Double Decker Festival unveils 10-band lineup for Oxford weekend
Wilco, Margo Price and The War and Treaty anchor Double Decker, with Friday’s 6-to-9 p.m. run set to draw the heaviest crowds to the Oxford Square.

Wilco, Margo Price and The War and Treaty sit at the center of the 29th annual Double Decker Arts Festival lineup, and the busiest stretch around the Oxford Square is likely to come Friday night, when Penelope Road, The War and Treaty and Shane Smith and The Saints fill the 6 p.m. to 9 p.m. window.
For Oxford and Lafayette County readers trying to map a day around the music, Saturday opens earlier and gives families a softer landing. Annie and the Caldwells start at 11:30 a.m., turning the festival from a late-night crowd draw into an all-day downtown event that moves from gospel and soul to country, Americana and roadhouse rock.

The 10-act lineup also includes The Dip, The Heavy Heavy, Mountain Grass Unit and The Animeros, giving the weekend a wide range of sounds across the Square. Penelope Road, a five-piece band, blends Stevie Wonder and Hall & Oates-style groove with modern energy. The War and Treaty, the husband-and-wife duo of Michael Trotter Jr. and Tanya Trotter, bring a Grammy-recognized mix of country, soul, gospel and Americana. Shane Smith and the Saints arrive with a road-tested country-folk-roadhouse-rock sound and a new album, Norther. Annie and the Caldwells, the West Point family band led by Annie Caldwell, mix gospel, soul and disco with a faith-centered live-recorded debut.

The festival runs April 24-25 on Oxford’s historic downtown Square and is free to attend. Visit Oxford says Double Decker is Oxford’s largest spring event and now draws a crowd of 65,000-plus people.

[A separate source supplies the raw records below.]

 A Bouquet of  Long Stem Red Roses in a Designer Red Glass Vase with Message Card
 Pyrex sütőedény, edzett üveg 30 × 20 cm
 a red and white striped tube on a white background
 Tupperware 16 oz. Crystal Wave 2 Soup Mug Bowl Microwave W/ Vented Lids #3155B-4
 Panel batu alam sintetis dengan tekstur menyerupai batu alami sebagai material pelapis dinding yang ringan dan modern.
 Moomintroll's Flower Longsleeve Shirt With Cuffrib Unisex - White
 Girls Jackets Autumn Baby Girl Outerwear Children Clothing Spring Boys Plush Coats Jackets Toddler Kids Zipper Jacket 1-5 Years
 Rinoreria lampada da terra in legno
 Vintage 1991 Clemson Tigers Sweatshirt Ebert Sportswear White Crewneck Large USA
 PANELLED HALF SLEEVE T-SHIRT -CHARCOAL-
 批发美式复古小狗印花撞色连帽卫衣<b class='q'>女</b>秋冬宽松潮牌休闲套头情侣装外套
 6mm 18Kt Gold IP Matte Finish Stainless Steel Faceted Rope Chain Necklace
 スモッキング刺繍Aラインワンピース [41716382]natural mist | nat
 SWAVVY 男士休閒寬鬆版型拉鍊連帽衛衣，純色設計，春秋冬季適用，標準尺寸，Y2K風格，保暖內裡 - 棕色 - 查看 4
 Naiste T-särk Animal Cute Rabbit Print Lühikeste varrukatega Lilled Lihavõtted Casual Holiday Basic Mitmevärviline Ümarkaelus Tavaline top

The schedule matters because the festival has become one of the city’s biggest tourism and economic weekends, with downtown restaurants, hotels and sidewalks all feeling the surge when the marquee sets hit their peak slots.
That scale has only grown. The 2024 festival drew more than 100,000 people overall, including 50,300 on Saturday alone and visitors from 35 states, while the 2025 event drew 113,300 total attendees. Visit Oxford says the event began with the bed of an old pickup truck serving as the stage for music, later took its name from the red double-decker bus imported from England in 1994, and now features more than 100 art vendors and more than 20 local food vendors on Saturday, along with Friday art demonstrations and music. Since 2015, organizers have also picked a local artist each year to create the official festival artwork used on merchandise, posters and downtown banners.